Canadian billionaire Prem Watsa’s Fairfax Financial Holding has in its results filing said that it is “exploring all avenues under applicable law” to achieve majority ownership in the parent company of Go Digit General Insurance.
Fairfax filing follows the insurance regulator rejecting a proposal to convert compulsory convertible preferred shares held by FAL Corporation (part of Fairfax group) in Go Digit Infoworks into equity shares.
Fairfax currently owns 45. 3% of the holding company Go Digit Infoworks, which has 83% stake in the insurer.
Digit Insurance had mentioned the Irdai’s stance on the conversion of CCPS (compulsorily convertible preference shares) in its IPO offer document. According to the draft red herring prospectus (DRHP), Irdai had rejected the conversion of CCPS into shares because it would result in Go Digit Infoworks (the holding company of Digit Insurance) becoming a subsidiary of the Fairfax group, which is not allowed by regulations.

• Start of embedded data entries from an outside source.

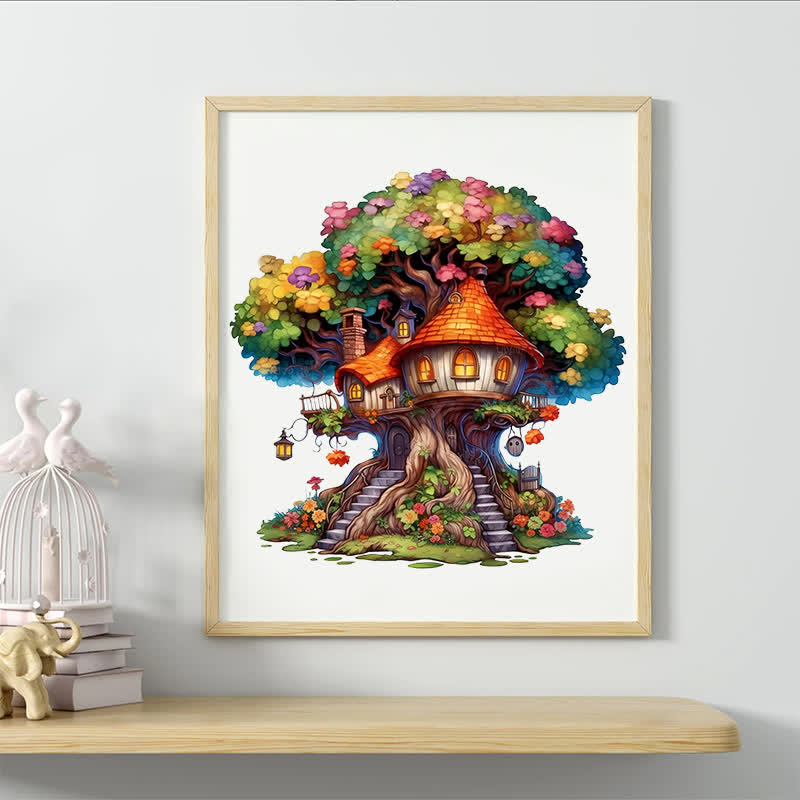 Rubbyoo Mushroom home - Wooden Jigsaw Puzzle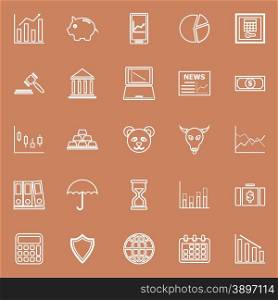 Stock market line icons on brown background, stock vector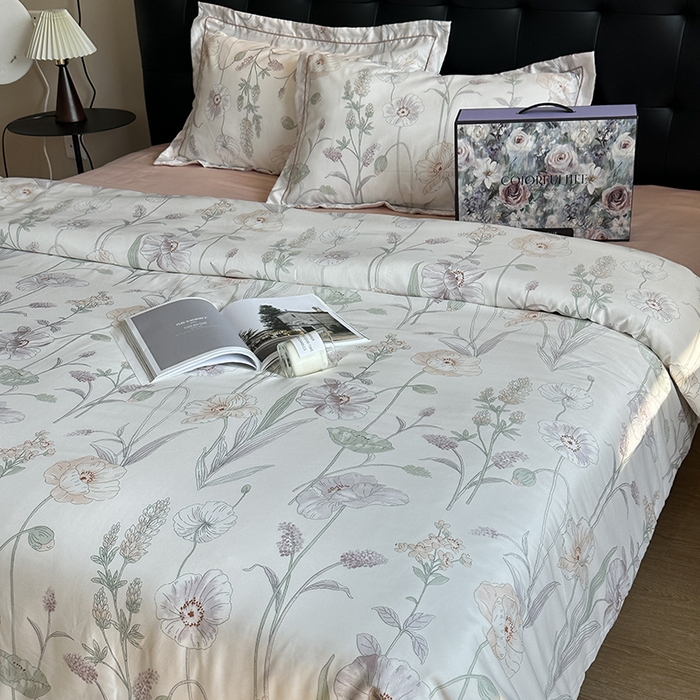 91家纺网 家纺一手货源 找家纺 （总）美丽坊 2025新款天丝锦缎数码印花四件套（配高档礼盒）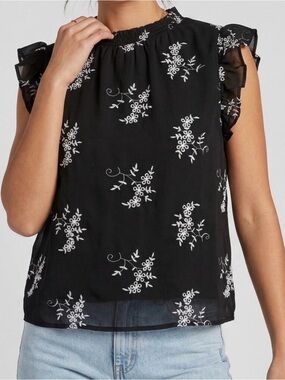 Black Floral Embroidered Ruffle-Sleeve Blouse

In its filing, Fairfax said that the majority ownership of Digit would enable Fairfax to report a gain of approximately $375 million.
In August, Go Digit filed its draft DRHP for an IPO looking to raise around Rs 1,250 crore through a combination of fresh equity shares and an offer for sale of 11 crore shares. In September, Sebi said it kept the IPO abeyance without giving any reasons. Rules allow foreign insurers to hold up to 74% of an insurance company. However, there are guidelines which prevent a step-down subsidiary holding company from becoming a promoter.